The explanation behind Peanuts Hucko's nickname was disappointingly prosaic - "When I was a kid I was always eating peanuts." In some ways Hucko was the perfect example of a swing era sideman. He had done everything from playing in the big bands - he was Glenn Miller's main soloist - to touring the world as a member of Louis Armstrong's All Stars sextet. He was a journeyman of the highest quality, always at the arm of the big star.

Although he became one of the best swing clarinettists, Hucko's instrument for the first few years of his career was the tenor saxophone. Later his clarinet style was soundly based on that of Benny Goodman, observed at close hand when Hucko played tenor sax in Goodman's band in the middle Forties. "I played for five trombonists, too," he said. "Jack Jenney, Will Bradley, Glenn Miller, Jack Teagarden and Tommy Dorsey."

Hucko was the epitome of a hot player and from 1950 onwards was regarded as one of the best Dixieland clarinettists. But no matter how aroused he sounded in his solos, he was always in command and taking care of business. The trombonist Roy Williams was part of a band formed to tour Britain with the clarinettist. One night in a club, the music got better and better until, at the end, the usually sophisticated Williams was carried away with the excitement of it all. As the last number finished, he looked across in admiration at Hucko. "That's marvellous," said the clarinettist, looking at his watch. "They wanted us to finish at eleven fifteen and it's eleven fifteen dead on the button." He began to put his clarinet away.

In 1939 the trombonist Will Bradley and the drummer Ray McKinley had formed a band under Bradley's leadership. They tapped the popular boogie woogie vein and had hits with numbers like "Beat me Daddy, Eight to the Bar" and "Celery Stalks at Midnight". Hucko left Jack Jenney's band to join Bradley on tenor sax at the beginning of the band's success and was fired and re-hired three times by Ray McKinley because he refused to play clarinet in the band. Hucko stayed for a year and then moved on through the bands of Joe Marsala, Charlie Spivak and Bob Chester before being called into the US Army. Although he barely knew Benny Goodman, Goodman pulled strings for him and had Hucko enlisted as a musician.

Hucko kicked his heels in Army backwaters for some months. He said

They trained us as infantrymen as well, and that's when I decided to make clarinet my main instrument. They made us march through sand carrying our instruments, and it was much easier with a clarinet than with the tenor.

McKinley had become one of the organisers of Glenn Miller's Army Band and he arranged to have Hucko transferred to it. He was surprised to find Hucko playing clarinet and, paradoxically, Hucko played tenor at first in the band. It was only when Miller overheard his clarinet-playing by accident that Miller moved him to be the band's leading soloist on that instrument.

Miller was a strict disciplinarian who treated his musicians as the soldiers that they were. Most of them didn't like him, but Hucko got on extremely well with him and, had Miller survived, would undoubtedly have gone on to work for him after the Army days.

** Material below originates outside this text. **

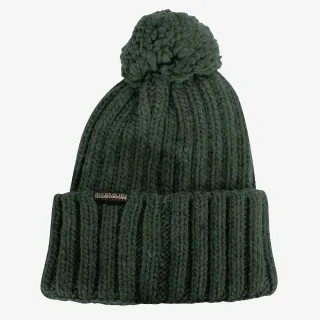 NAPAPIJRI SEMIURY 5 G1S GREEN URBAN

By the time the Miller Army Band came to Europe, McKinley had formed a successful small group within the band with Hucko and the pianist Mel Powell. When they reached Paris the small group recorded with Django Reinhardt. When the band arrived in Britain, London was being assailed by V1 pilotless bombs and the musicians didn't like the idea of staying in the city. Arrangements were made for them to stay in Bedfordshire. On their first night in the county, an off-course V1 exploded only hundreds of yards from where the band was staying.

Demobilised, Hucko joined the Benny Goodman band on tenor sax and then rejoined Ray McKinley for a year. By 1976 he was playing clarinet in Eddie Condon's New York club. The move led him away from the tenor again and he became a Dixieland clarinettist. He played this role in the classic concert given by Louis Armstrong at New York Town Hall in 1947.

His instrumental skills were so good that he had little trouble getting a job in the New York studios during the early Fifties. The studio orchestras were packed with great jazz musicians and Hucko worked and recorded on both his instruments with the likes of Billy Butterfield, Lou McGarity and Boomie Richman. He worked at Condon's in the evenings and made a name for himself with Condon's sophisticated audience.

When a band was put together to be led by Jack Teagarden on a European tour, Hucko was the natural choice on clarinet. His return to Britain with the band in 1957 was as a star, and he later returned many times to play with British musicians in that role. In 1958 he replaced Edmond Hall in Louis Armstrong's All Stars and toured the world with the trumpeter.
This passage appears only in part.